Beynin işleyişi ile ilgili araştırmalar yapan uzmanlar, her iki yarıkürenin de farklı işlevleri olduğunu ve farklı eylemleri gerçekleştirdiğini ortaya koymuştur.
Sağ yarımküre, resimler halinde düşünür. Sezgiseldir, sentez yapmak için kullanılır. Sağ yarımküre bütünseldir,bir kavramın ya da durumun tüm öğelerini aynı anda benimseyip kavrar. Beynin yaratıcı bölümüdür.

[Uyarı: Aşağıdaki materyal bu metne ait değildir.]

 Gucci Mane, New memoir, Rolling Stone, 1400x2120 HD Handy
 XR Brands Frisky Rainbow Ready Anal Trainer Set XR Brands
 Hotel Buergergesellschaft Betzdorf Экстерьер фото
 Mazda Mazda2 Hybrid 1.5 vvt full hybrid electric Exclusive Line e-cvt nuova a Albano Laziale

En ilkel ve işlemsiz haliyle yaptıklarımız, söylediklerimiz ve düşündüklerimiz çoğu zaman Duygusal Beynin eseridir. Her zaman değil ancak çoğu zaman bilinçsiz bir düşünme şeklidir.
Daha analitik olarak, sebep sonuçlarıyla tartarak yaptıklarımız, düşündüklerimiz ise Mantıksal Beynin eseridir.Sol beyin mantıklı, sistematik ve analitik düşünmeye, yazı ve sayılara, ölçme değerlendirme ve eleştirmeye daha yatkın olarak çalışır.
Beynimizin her iki yanını kullansak da herkeste bir taraf,diğerine göre daha aktiftir.
Beyin, bilinçli ya da bilinçsiz vücudun tüm hareketlerini kontrol eden denetim merkezidir. Duygu, düşünce ve konuşmadan sorumludur. Bilinçdışı olarak adlandırılan sağ beyin, ana rahminden ölene kadar bütün anıları depolar ve hiçbir bilgiyi silmez.İçinizde evrenin en büyük gücü,her saniye size hizmet etmek için bekliyor. Yanlış mesajlar, yanlış sonuçlar doğurur; bilinçaltınıza farkında olarak, gerçekten istediğiniz mesajı yollayın. Bilinçaltı doğru-yanlış, olumlu-olumsuz bilmez. Siz ona ne iletirseniz, bilinçaltı onu iyi bilir ve gerçekleştirmek için uğraşır.